This Commandment too would appear to contemplate stealing something which is tangible though, and not something which is merely a ‘right’ or, more accurately, a privilege granted by the state – a privilege which cannot be considered to have moral overtones particularly in light of the copyright’s history: leaving aside proto-copyright regimes which existed in parts of Europe, if one were to consider the origins of copyright in England, the first modern copyright statute arose not so much because of an ardent desire to protect authors but from the instinct for self-preservation which publishers had. The Company of Stationers had, by the time of the reign of Queen Anne, lost the privileges which were accorded to them in consequence of existant censorship laws in England, and it was to preserve their livelihoods that they pushed for the1709 Statute by having a hitherto virtually unheard of right – the author’s copyright – enacted into law.

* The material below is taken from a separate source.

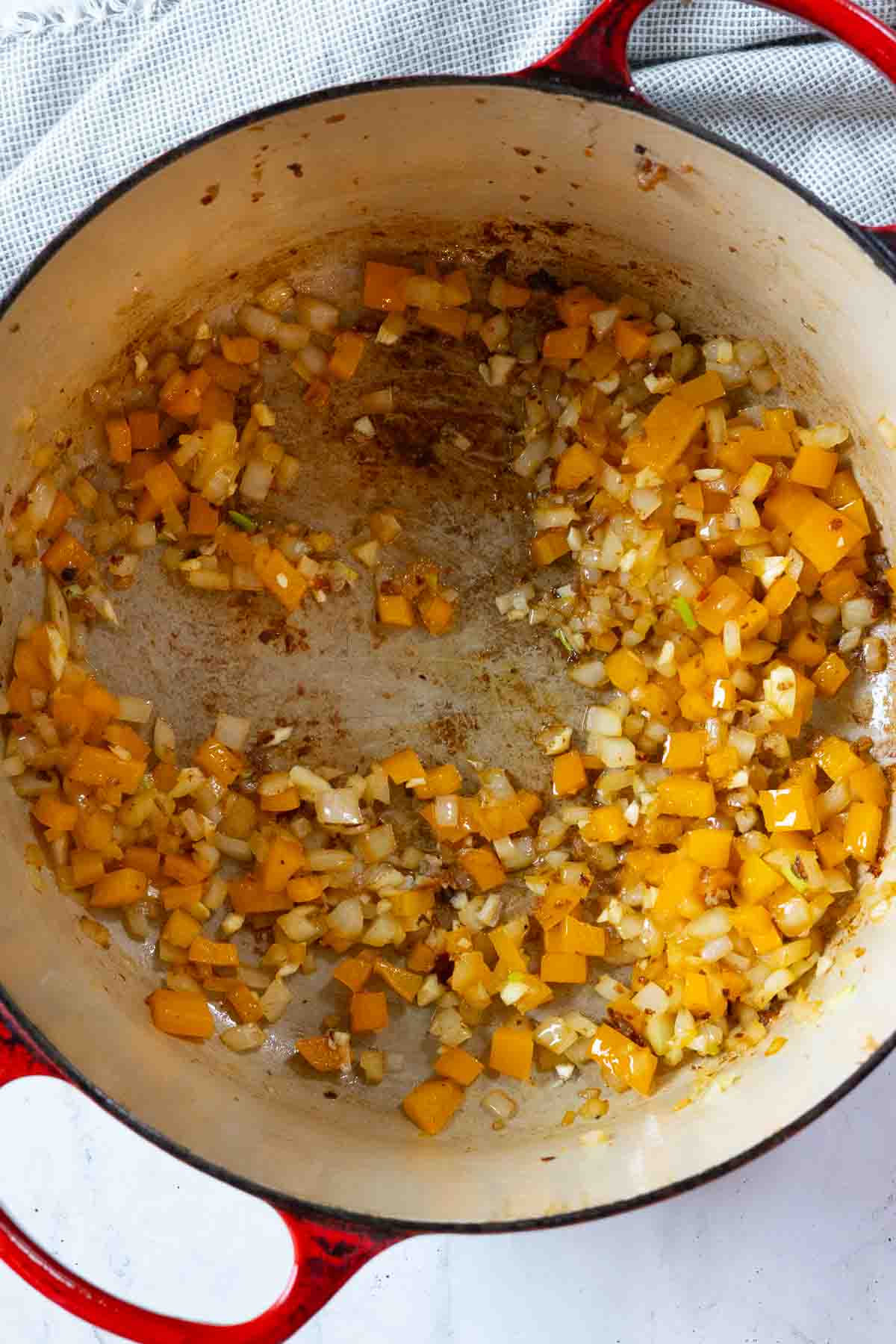 Step 3: cooking vegetables to make Italian Sausage soup.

While today, it may be possible to argue that the author’s copyright is all about authors, if one were to take oneself back in time to the 1700s (or, for that matter, even the 1970s), it would become apparent that the author’s copyright was little more than a support structure for a business model which supported publishers far more than it did authors. After all, an author’s exclusive right was of very little use to him (or her) as in pre-Internet times, there was no real way in which an author could publish and distribute his work unless he had independent means.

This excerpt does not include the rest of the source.